(Data extracted from a collection)
▼

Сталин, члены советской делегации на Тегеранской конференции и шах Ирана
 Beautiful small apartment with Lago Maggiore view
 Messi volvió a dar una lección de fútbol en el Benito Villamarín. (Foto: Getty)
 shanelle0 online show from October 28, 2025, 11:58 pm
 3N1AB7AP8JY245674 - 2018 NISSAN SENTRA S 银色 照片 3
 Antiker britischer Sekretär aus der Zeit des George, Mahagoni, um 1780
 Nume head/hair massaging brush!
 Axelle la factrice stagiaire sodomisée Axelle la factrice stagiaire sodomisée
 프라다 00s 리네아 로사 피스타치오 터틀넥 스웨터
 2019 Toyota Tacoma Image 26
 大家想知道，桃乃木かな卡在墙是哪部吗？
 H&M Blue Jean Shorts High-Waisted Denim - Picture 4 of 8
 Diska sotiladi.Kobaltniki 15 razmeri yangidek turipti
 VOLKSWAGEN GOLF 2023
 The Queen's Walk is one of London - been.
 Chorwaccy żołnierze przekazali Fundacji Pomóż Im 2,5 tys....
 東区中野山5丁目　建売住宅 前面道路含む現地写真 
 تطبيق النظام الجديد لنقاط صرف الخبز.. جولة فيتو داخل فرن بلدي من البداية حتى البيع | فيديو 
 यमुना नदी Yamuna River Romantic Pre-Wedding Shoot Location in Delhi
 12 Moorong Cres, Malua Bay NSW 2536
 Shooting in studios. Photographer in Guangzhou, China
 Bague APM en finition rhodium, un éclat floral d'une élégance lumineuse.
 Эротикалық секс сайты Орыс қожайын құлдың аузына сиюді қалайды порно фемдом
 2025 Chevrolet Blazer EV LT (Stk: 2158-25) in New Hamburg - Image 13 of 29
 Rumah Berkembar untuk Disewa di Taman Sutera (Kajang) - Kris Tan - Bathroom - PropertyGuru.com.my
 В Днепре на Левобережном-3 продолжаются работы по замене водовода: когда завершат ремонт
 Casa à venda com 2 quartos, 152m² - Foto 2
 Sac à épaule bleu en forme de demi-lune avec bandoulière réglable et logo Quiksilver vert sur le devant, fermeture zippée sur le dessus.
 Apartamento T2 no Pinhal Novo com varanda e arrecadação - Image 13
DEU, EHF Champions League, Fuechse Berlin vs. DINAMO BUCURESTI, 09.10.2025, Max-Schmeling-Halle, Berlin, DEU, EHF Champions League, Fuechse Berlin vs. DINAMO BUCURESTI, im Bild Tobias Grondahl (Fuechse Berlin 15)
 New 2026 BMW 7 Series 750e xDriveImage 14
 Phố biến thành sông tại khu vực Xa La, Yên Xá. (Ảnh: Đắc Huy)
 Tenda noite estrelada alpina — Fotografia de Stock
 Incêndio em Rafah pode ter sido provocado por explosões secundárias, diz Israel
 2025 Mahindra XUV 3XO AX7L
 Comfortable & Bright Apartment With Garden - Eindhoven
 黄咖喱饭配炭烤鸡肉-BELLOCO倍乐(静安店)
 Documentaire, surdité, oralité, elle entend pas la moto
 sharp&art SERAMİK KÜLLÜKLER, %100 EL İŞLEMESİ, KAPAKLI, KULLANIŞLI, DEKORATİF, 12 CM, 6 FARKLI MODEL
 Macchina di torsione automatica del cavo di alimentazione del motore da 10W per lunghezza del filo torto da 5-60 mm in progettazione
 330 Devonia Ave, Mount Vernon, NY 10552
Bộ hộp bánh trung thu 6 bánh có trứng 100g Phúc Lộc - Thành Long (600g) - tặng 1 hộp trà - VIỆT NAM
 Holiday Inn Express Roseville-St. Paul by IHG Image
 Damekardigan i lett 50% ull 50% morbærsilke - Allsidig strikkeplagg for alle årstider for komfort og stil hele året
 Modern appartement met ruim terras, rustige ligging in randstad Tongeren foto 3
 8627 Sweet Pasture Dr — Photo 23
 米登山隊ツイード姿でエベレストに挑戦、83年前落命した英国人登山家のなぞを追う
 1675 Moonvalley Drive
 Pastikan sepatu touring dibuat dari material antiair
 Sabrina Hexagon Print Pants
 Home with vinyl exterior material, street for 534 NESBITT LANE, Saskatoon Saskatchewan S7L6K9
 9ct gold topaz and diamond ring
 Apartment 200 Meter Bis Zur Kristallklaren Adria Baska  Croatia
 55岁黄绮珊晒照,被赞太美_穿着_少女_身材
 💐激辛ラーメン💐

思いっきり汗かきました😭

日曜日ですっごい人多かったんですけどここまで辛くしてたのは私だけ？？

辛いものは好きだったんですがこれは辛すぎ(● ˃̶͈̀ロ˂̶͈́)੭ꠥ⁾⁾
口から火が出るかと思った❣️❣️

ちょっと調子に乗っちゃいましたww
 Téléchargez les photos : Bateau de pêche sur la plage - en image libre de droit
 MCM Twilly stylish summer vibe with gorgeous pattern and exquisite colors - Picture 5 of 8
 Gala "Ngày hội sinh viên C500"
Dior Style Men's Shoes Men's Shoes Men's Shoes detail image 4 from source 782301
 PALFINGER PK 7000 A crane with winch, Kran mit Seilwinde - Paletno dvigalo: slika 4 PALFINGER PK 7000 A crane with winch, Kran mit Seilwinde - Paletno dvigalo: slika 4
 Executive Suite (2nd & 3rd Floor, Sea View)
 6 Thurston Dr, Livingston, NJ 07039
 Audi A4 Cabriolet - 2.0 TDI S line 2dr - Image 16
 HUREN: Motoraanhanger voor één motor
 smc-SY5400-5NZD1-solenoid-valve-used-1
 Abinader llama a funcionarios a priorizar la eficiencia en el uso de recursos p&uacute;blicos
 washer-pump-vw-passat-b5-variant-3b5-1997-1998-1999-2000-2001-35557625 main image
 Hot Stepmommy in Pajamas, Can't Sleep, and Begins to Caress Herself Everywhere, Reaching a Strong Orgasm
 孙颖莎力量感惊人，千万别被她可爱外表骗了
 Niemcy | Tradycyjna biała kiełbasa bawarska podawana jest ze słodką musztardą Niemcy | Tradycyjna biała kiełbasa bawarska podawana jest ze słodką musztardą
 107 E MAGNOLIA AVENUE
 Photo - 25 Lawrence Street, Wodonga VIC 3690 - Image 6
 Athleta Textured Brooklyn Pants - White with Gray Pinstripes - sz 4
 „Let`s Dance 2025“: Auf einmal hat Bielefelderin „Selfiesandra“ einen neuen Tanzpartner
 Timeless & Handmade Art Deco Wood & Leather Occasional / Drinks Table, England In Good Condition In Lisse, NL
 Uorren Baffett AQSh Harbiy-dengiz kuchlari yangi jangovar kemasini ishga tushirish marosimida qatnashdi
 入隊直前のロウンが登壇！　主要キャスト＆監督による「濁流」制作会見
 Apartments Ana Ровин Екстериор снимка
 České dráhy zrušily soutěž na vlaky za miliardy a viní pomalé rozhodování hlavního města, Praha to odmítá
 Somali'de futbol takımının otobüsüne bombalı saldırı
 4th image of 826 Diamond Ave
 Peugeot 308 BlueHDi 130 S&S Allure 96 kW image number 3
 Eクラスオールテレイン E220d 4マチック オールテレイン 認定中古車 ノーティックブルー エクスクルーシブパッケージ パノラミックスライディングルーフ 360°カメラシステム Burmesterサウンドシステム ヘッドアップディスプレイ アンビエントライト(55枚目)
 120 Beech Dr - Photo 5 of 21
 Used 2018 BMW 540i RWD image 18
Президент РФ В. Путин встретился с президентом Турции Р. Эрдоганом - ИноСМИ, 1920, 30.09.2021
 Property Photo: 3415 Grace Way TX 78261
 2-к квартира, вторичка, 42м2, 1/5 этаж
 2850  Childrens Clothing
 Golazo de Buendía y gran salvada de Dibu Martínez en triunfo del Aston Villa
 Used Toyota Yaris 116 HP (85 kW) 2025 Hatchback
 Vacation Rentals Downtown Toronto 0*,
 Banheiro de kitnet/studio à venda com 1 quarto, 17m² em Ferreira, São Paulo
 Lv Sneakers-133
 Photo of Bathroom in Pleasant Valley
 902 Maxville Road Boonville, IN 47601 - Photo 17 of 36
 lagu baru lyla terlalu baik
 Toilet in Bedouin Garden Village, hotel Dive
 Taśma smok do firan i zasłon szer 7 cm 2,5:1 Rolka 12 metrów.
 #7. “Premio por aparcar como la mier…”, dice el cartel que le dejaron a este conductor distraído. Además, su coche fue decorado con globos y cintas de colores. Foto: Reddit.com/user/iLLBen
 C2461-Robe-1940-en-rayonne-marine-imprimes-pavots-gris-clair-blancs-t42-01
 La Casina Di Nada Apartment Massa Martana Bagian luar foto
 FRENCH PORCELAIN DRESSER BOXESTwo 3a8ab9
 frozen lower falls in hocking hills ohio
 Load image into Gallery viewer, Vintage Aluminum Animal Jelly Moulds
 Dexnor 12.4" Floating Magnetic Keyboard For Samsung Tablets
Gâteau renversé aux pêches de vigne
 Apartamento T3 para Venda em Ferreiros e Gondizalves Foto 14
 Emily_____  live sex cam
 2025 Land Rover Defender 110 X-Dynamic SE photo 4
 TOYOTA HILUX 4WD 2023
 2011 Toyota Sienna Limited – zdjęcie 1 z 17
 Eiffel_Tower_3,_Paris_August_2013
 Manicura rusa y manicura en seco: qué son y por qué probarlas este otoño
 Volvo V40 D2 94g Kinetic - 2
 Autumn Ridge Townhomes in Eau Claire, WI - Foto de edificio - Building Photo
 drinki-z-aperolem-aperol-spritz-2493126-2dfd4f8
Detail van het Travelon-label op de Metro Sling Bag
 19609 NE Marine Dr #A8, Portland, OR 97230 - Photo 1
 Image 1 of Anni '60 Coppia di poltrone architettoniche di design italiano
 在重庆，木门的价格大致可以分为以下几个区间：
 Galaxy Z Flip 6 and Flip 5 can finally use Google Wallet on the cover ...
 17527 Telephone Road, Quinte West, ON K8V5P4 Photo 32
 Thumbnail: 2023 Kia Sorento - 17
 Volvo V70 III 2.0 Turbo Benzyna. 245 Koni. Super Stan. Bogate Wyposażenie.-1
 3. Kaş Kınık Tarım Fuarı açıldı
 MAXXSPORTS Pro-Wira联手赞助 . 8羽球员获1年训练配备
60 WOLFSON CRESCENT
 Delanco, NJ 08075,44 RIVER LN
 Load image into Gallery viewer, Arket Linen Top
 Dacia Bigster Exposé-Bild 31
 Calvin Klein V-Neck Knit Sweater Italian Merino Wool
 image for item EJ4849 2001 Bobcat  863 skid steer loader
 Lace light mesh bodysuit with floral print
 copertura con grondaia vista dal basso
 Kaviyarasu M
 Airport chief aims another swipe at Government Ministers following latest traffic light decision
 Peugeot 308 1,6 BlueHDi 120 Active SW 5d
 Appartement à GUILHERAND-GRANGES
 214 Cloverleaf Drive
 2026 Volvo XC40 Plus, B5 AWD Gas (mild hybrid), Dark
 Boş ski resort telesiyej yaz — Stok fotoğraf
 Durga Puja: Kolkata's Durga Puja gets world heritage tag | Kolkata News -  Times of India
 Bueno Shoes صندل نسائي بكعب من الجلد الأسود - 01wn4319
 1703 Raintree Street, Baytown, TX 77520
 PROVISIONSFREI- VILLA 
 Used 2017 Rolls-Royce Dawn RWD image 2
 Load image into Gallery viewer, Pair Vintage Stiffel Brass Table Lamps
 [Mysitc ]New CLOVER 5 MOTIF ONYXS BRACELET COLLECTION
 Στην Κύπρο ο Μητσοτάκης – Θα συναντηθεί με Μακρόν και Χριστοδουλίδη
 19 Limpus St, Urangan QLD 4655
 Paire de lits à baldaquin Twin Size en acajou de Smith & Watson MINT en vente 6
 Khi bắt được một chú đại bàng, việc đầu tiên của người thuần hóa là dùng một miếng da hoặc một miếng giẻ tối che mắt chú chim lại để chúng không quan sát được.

▲

Work required: A verbatim transcription is needed of the lines above, starting at the line with "Apartments Ana Ровин Екстериор снимка" and ending at the line with "Load image into Gallery viewer, Vintage", both included, and of nothing else.

Answer:
 Apartments Ana Ровин Екстериор снимка
 České dráhy zrušily soutěž na vlaky za miliardy a viní pomalé rozhodování hlavního města, Praha to odmítá
 Somali'de futbol takımının otobüsüne bombalı saldırı
 4th image of 826 Diamond Ave
 Peugeot 308 BlueHDi 130 S&S Allure 96 kW image number 3
 Eクラスオールテレイン E220d 4マチック オールテレイン 認定中古車 ノーティックブルー エクスクルーシブパッケージ パノラミックスライディングルーフ 360°カメラシステム Burmesterサウンドシステム ヘッドアップディスプレイ アンビエントライト(55枚目)
 120 Beech Dr - Photo 5 of 21
 Used 2018 BMW 540i RWD image 18
Президент РФ В. Путин встретился с президентом Турции Р. Эрдоганом - ИноСМИ, 1920, 30.09.2021
 Property Photo: 3415 Grace Way TX 78261
 2-к квартира, вторичка, 42м2, 1/5 этаж
 2850  Childrens Clothing
 Golazo de Buendía y gran salvada de Dibu Martínez en triunfo del Aston Villa
 Used Toyota Yaris 116 HP (85 kW) 2025 Hatchback
 Vacation Rentals Downtown Toronto 0*,
 Banheiro de kitnet/studio à venda com 1 quarto, 17m² em Ferreira, São Paulo
 Lv Sneakers-133
 Photo of Bathroom in Pleasant Valley
 902 Maxville Road Boonville, IN 47601 - Photo 17 of 36
 lagu baru lyla terlalu baik
 Toilet in Bedouin Garden Village, hotel Dive
 Taśma smok do firan i zasłon szer 7 cm 2,5:1 Rolka 12 metrów.
 #7. “Premio por aparcar como la mier…”, dice el cartel que le dejaron a este conductor distraído. Además, su coche fue decorado con globos y cintas de colores. Foto: Reddit.com/user/iLLBen
 C2461-Robe-1940-en-rayonne-marine-imprimes-pavots-gris-clair-blancs-t42-01
 La Casina Di Nada Apartment Massa Martana Bagian luar foto
 FRENCH PORCELAIN DRESSER BOXESTwo 3a8ab9
 frozen lower falls in hocking hills ohio
 Load image into Gallery viewer, Vintage Aluminum Animal Jelly Moulds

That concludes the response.